The starting point of inquiry is the immunity from unconsented suit of the government itself. As to the states, legal irresponsibility was written into the Eleventh Amendment, Const.U.S.C.A.; as to the United States, it is derived by implication. Principality of Monaco v. Mississippi, 292 U.S. 313, 321, 54 S.Ct. 745, 747, 78 L.Ed. 1282. For present purposes it is academic to consider whether this exceptional freedom from legal responsibility rests on the theory that the United States is deemed the institutional descendant of the Crown, enjoying its immunity but not its historic prerogatives, cf. Langford v. United States, 101 U.S. 341, 343, 25 L.Ed. 1010, or on a metaphysical doctrine 'that there can be no legal right as against the authority that makes the law on which the right depends.' Kawananakoa v. Polyblank, 205 U.S. 349, 353, 27 S.Ct. 526, 527, 51 L.Ed. 834. But because the doctrine gives the government a privileged position, it has been appropriately confined.

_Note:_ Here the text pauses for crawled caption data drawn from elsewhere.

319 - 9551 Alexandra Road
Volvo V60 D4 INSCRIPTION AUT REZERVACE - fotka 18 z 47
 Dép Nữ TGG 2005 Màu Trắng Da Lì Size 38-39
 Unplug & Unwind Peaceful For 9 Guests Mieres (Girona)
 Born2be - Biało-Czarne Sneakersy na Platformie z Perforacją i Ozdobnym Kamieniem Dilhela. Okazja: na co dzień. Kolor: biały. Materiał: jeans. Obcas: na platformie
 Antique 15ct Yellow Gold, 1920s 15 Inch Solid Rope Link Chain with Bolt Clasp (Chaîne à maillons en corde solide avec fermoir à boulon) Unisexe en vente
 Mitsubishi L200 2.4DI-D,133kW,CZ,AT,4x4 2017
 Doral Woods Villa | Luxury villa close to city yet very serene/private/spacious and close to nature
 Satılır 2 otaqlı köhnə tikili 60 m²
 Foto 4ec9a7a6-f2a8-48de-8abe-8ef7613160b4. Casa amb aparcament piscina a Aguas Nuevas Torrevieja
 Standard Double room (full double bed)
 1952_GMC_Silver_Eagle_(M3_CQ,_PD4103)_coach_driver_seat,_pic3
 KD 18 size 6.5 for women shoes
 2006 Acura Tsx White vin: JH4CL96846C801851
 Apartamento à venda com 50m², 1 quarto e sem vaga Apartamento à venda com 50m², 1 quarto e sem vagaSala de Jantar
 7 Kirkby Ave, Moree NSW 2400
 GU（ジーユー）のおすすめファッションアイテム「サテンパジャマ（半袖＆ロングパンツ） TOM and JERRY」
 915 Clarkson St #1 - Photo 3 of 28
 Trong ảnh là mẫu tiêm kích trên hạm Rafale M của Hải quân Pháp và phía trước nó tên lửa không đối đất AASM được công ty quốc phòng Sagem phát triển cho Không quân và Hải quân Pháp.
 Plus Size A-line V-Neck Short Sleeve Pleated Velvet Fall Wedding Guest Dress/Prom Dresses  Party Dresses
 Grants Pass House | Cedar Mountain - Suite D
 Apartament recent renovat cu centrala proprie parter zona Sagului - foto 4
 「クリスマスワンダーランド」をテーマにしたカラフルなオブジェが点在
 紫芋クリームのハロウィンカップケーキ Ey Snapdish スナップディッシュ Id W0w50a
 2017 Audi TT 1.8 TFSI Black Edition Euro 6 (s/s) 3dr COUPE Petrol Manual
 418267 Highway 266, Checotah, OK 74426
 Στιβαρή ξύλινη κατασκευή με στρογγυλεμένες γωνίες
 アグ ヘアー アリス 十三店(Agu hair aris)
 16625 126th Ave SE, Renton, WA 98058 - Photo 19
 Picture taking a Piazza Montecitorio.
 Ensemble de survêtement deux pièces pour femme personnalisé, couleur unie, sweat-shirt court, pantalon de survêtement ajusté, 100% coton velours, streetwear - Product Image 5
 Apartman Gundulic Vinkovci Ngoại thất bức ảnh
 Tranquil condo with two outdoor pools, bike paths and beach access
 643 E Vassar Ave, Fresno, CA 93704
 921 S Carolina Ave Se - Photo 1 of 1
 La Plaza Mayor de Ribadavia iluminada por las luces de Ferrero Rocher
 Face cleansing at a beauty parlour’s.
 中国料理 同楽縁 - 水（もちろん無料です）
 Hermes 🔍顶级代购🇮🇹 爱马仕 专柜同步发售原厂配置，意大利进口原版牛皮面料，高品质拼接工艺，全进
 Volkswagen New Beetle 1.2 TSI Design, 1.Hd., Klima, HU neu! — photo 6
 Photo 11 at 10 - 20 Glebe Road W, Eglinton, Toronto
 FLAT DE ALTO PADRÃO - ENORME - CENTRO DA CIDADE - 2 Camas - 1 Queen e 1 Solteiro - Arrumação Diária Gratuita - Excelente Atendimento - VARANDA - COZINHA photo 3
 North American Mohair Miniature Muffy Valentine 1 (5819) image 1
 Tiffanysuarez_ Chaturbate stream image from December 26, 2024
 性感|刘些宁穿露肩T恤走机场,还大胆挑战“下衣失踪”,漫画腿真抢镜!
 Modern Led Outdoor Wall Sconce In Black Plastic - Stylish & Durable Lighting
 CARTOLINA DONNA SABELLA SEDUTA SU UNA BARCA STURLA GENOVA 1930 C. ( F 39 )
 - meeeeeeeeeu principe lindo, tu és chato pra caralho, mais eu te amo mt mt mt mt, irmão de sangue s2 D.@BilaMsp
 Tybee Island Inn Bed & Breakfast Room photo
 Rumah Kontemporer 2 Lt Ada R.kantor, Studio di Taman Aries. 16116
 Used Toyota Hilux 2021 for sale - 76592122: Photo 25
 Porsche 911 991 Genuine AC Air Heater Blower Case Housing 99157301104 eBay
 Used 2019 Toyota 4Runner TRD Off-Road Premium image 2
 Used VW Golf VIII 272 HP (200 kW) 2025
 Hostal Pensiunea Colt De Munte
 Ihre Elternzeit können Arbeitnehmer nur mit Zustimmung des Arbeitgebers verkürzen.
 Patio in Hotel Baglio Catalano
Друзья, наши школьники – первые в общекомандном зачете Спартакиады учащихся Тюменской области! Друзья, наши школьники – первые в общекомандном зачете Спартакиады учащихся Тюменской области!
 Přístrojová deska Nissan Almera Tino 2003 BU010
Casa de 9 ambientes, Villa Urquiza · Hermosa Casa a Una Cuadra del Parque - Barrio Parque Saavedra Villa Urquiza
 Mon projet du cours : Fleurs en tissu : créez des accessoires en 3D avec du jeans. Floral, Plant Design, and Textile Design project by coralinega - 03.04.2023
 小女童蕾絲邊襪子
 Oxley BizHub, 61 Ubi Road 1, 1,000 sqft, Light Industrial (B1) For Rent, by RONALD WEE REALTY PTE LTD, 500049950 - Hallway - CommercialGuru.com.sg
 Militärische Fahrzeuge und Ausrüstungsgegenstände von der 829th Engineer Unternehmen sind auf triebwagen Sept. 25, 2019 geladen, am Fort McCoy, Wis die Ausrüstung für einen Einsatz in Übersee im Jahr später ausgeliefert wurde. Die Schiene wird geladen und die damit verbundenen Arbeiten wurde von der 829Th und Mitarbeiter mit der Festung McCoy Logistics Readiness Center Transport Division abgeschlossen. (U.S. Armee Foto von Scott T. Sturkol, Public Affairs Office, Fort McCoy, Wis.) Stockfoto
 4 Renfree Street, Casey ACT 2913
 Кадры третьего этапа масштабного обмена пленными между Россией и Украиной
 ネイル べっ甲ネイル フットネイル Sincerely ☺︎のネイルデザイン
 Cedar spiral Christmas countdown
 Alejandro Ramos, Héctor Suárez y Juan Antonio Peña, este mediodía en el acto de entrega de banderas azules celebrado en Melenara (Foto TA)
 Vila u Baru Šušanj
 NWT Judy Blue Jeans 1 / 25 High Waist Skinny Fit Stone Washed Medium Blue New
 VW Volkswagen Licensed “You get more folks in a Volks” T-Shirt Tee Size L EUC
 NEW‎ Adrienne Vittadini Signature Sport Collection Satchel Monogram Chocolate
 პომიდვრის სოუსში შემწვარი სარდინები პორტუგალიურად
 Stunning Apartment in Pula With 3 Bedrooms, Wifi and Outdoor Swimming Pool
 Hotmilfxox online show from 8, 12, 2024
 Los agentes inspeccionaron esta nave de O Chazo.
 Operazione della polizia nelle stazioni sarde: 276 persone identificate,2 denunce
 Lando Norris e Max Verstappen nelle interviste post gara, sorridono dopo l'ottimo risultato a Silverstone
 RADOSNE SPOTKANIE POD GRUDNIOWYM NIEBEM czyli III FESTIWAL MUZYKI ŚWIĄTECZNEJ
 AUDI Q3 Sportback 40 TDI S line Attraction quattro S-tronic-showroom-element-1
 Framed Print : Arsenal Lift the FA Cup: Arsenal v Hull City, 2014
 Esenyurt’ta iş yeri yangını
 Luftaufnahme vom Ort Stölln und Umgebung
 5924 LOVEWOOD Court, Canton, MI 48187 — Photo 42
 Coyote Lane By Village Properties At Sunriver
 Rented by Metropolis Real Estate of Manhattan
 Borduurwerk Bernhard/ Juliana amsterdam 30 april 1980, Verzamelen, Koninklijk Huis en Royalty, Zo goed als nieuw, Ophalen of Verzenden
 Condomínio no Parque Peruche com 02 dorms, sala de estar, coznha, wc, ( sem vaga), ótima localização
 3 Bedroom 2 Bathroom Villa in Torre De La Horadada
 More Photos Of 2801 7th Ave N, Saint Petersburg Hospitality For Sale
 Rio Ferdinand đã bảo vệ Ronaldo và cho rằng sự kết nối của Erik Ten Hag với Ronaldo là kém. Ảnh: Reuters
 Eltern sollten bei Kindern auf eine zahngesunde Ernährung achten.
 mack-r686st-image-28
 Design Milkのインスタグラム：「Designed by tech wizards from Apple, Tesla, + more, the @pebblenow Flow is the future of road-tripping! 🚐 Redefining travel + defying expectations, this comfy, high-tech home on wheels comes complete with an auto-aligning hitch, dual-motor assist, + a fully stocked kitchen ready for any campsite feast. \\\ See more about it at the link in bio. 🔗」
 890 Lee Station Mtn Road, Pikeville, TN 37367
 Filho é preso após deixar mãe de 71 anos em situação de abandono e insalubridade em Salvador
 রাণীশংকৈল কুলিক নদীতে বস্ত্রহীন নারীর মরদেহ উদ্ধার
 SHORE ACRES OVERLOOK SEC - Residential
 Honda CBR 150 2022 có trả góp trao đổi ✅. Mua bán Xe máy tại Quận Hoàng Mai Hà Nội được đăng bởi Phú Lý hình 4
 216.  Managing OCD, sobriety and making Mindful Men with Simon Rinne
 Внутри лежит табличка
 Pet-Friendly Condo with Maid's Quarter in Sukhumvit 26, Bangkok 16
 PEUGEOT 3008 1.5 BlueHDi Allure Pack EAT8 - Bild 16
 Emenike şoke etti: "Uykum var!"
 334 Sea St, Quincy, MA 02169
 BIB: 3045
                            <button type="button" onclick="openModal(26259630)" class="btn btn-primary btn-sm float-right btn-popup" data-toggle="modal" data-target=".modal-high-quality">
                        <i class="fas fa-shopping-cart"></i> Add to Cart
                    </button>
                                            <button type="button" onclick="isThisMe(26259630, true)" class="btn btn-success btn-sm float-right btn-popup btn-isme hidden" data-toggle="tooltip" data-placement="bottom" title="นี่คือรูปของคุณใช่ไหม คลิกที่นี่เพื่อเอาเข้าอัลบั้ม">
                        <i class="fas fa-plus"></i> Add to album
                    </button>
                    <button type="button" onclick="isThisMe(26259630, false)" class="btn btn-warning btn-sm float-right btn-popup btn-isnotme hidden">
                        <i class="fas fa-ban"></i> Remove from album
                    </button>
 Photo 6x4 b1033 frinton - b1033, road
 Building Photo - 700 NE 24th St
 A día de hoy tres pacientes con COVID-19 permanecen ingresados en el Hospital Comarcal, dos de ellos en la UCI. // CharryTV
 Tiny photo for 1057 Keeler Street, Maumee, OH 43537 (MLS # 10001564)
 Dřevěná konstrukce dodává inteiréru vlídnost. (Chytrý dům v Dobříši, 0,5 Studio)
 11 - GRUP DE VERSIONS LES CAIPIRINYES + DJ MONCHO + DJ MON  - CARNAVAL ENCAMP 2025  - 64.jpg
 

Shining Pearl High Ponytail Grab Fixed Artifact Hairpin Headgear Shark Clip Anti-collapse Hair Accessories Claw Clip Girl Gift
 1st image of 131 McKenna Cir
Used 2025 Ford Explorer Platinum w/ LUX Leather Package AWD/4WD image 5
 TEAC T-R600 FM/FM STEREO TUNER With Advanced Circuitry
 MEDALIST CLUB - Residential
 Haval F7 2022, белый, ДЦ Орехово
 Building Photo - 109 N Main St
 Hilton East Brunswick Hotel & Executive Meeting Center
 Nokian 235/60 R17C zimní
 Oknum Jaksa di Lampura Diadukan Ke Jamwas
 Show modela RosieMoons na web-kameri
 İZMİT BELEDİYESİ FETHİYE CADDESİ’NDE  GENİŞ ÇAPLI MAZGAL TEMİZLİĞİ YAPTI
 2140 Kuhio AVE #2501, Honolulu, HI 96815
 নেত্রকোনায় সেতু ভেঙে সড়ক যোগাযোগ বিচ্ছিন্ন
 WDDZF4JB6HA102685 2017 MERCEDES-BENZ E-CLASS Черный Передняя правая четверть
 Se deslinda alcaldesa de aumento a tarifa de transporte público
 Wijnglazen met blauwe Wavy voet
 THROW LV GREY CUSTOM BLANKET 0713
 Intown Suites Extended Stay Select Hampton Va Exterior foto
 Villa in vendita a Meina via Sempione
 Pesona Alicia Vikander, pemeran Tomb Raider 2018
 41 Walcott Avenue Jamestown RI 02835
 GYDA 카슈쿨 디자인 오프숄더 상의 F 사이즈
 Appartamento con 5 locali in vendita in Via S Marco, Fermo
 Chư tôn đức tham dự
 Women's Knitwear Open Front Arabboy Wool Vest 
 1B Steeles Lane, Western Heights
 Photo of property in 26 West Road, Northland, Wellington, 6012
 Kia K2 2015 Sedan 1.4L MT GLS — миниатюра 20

Because of the advantages enjoyed by the corporate device compared with conventional executive agencies, the exigencies of war and the enlarged scope of government in economic affairs have greatly extended the use of independent corporate facilities for governmental ends.
In spawning these corporations during the past two decades, Congress has uniformly included amenability to law. Congress has provided for not less than forty of such corporations discharging governmental functions, and without exception the authority to-sue-and-be-sued was included.
Such a firm practice is partly an indication of the present climate of opinion which has brought governmental immunity from suit into disfavor, partly it reveals a definite attitude on the part of Congress which should be given hospitable scope.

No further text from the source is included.